Dari Abu Musa Al-Asy’ari radhiyallahu ‘anhu beliau berkata:
دَخَلْتُ عَلَى النَّبيِّ – صلى الله عليه وسلم – أنَا وَرَجُلانِ مِنْ بَنِي عَمِّي، فَقَالَ أحَدُهُمَا: يَا رسول الله، أمِّرْنَا عَلَى بَعْض مَا ولاَّكَ اللهُ – عز وجل – وقال الآخَرُ مِثلَ ذَلِكَ، فَقَالَ: «إنَّا وَاللهِ لاَ نُوَلِّي هَذَا العَمَلَ أَحَدًا سَألَهُ، أَوْ أحَدًا حَرَصَ عَلَيْهِ». متفقٌ عَلَيْهِ.
“Aku masuk ke tempat Nabi shallallahu ‘alaihi wasallam bersama dua orang dari keponakanku.

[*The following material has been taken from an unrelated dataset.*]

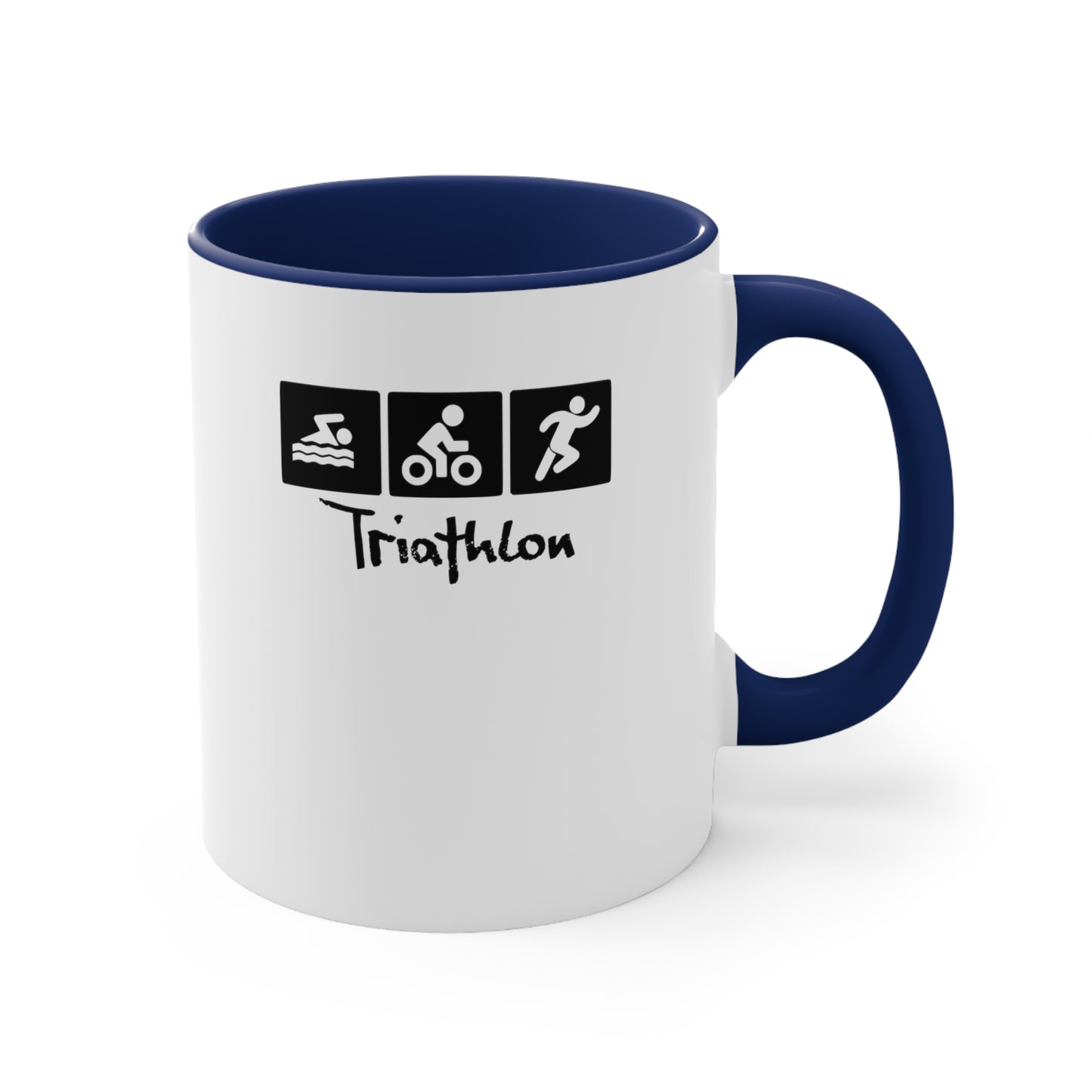 Taza de triatlón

Salah seorang darinya berkata, “Ya Rasulullah, berikanlah kepada kami jabatan sebagai amir untuk memerintah sebagian daerah yang dikuasakan oleh Allah kepadamu. Dan yang lain juga berkata demikian. Maka beliau bersabda, “Sesungguhnya kami ini, demi Allah, tidak akan memberikan kekuasaan jabatan kepada seseorang yang memintanya atau seseorang yang berambisi terhadapnya.” (Muttafaq ‘alaih)
Bahasa Hadits
بَنِي عَمِّي
Bani pamanku, yaitu kaum al-Asy’ari.
أمِّرْنَا
Jadikanlah kami sebagai amir.
هَذَا العَمَلَ
Pekerjaan ini, maksudnya kepemimpinan atas umat Islam.
حَرَصَ عَلَيْهِ
Berambisi terhadapnya: menginginkannya dan menaruh perhatian yang sangat terhadapnya.
Faidah Hadits
1. Tidak boleh menyerahkan kewenangan kepada orang yang meminta jabatan atau berambisi terhadapnya, karena hal itu mengesankan bahwa ia menginginkannya karena untuk kepentingan dirinya, bukan untuk maslahat umum, dan hal itu membahayakan bagi umat.
2. Para penguasa tidak boleh menyerahkan suatu jabatan kepada seseorang kecuali ia memiliki kompetensi.
Wallahu ‘alam bi as-shawab.
Rujukan:
al-Bugha, Dr. Musthafa dkk. Nuzhatul Muttaqin Syarh Riyadhus Shalihin.